About three years ago, calls for banks to become “mobile-first” started coming in. In July 2014, Bank Systems & Technology ran an article titled 5 Keys to Success for a Mobile-First Strategy, in which it wrote:
“Digital banking is undergoing a dramatic shift as banks’ strategies go from “cram online banking into the mobile device” to a true mobile-first …”
Then, in March of 2016, another article said the following:
“As more people research, shop and buy financial services with their mobile device, a ‘mobile-first’ design strategy may not be enough. To be successful, brands and agencies must think beyond mobile campaigns and start to think about mobile-only as a complete foundation for the next generation customer journey.”

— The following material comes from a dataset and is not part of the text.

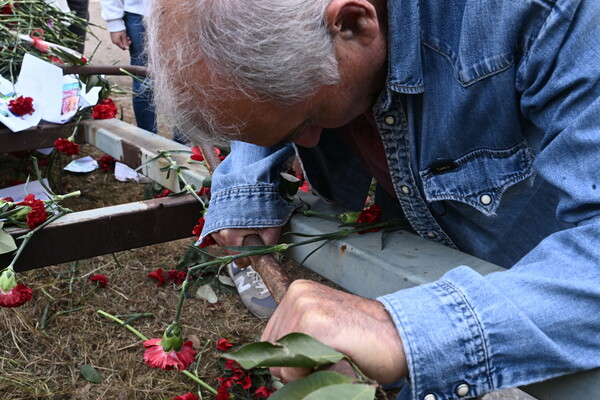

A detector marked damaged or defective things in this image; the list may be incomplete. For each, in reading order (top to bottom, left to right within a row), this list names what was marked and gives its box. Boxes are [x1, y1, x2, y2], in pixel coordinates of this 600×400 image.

Apparently, to be successful, you don’t actually have to do anything, you just have to “start to think” about it.
Three months after that, another article warned us to Get Ready for the Voice Revolution in Financial Services. Damn, I wasn’t even ready for mobile-only at that point.
Just 11 months later, in May 2017, an Accenture white paper which proclaimed that:
“AI is creating a new era of computing, rapidly moving from mobile-first to AI-first in the customer experience and moving staff to more judgment-based and higher value added roles.”
Judgment-based roles? What does that mean? I thought one of the big promises of AI was that it would produce “judgments” that are superior to what humans are capable of.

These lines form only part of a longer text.